Your assignment –
Pull out every line below holding the word "Jewelry".

Exercise materials –

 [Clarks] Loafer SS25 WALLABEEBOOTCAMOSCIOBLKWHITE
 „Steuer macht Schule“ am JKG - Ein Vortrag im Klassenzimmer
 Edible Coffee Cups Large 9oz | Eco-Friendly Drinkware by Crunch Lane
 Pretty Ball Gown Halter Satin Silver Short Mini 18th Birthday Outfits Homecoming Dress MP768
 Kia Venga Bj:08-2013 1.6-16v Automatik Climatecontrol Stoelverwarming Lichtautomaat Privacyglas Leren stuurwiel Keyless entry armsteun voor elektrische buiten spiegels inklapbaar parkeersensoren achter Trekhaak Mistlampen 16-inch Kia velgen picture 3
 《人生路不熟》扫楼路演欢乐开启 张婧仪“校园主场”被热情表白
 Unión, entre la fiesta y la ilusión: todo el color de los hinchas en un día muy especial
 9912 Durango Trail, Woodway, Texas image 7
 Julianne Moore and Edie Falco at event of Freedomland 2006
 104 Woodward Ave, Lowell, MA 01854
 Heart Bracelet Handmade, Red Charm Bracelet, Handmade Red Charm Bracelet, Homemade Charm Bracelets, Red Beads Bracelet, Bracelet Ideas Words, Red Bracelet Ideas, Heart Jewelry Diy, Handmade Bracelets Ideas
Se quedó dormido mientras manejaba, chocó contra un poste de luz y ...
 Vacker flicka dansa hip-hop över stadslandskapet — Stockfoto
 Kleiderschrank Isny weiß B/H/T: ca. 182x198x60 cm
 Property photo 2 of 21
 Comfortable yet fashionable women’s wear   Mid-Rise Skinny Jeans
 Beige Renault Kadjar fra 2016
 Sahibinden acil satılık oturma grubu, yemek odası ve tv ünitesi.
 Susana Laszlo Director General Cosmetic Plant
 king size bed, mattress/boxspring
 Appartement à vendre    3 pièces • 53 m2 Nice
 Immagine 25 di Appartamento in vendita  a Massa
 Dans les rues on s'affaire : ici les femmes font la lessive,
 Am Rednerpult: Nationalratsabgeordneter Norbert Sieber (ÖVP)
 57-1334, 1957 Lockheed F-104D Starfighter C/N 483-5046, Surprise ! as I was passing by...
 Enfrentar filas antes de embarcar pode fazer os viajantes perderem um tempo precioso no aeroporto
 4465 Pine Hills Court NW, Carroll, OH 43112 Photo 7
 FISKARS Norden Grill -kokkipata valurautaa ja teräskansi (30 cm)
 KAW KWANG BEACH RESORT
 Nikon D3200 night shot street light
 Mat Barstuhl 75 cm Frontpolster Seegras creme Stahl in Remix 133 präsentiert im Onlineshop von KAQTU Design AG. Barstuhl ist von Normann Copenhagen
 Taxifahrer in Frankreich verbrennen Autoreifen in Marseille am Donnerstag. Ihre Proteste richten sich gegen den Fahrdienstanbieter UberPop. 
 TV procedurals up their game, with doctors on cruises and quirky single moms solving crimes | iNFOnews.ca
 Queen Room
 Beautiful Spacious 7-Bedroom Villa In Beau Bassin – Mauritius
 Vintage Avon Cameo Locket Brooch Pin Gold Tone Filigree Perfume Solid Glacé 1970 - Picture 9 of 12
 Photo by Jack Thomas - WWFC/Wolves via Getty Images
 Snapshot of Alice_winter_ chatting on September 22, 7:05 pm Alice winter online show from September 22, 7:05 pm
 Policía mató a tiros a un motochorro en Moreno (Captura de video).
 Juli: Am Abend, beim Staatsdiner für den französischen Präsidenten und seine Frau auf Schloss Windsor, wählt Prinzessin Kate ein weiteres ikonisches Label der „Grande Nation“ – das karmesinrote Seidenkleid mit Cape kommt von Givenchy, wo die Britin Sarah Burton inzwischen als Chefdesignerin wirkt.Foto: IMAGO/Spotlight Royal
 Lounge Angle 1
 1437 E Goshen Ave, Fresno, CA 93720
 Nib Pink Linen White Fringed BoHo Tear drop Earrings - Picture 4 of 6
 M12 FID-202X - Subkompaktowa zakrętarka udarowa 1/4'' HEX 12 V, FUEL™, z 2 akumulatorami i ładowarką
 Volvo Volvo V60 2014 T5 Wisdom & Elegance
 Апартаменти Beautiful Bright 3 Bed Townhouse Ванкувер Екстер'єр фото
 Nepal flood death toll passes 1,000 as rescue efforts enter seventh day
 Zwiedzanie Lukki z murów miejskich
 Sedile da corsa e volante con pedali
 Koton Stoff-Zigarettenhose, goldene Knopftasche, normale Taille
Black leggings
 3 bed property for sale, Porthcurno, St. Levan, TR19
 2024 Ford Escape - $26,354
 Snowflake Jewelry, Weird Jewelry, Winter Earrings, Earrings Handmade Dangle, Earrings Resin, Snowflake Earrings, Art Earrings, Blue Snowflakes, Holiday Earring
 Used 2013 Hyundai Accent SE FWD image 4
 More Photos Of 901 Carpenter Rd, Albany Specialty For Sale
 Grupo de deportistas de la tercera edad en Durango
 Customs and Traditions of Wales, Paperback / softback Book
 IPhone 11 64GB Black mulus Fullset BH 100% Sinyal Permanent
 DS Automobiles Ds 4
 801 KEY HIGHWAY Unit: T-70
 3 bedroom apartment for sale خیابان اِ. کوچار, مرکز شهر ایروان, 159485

Your response –
 Heart Bracelet Handmade, Red Charm Bracelet, Handmade Red Charm Bracelet, Homemade Charm Bracelets, Red Beads Bracelet, Bracelet Ideas Words, Red Bracelet Ideas, Heart Jewelry Diy, Handmade Bracelets Ideas
 Snowflake Jewelry, Weird Jewelry, Winter Earrings, Earrings Handmade Dangle, Earrings Resin, Snowflake Earrings, Art Earrings, Blue Snowflakes, Holiday Earring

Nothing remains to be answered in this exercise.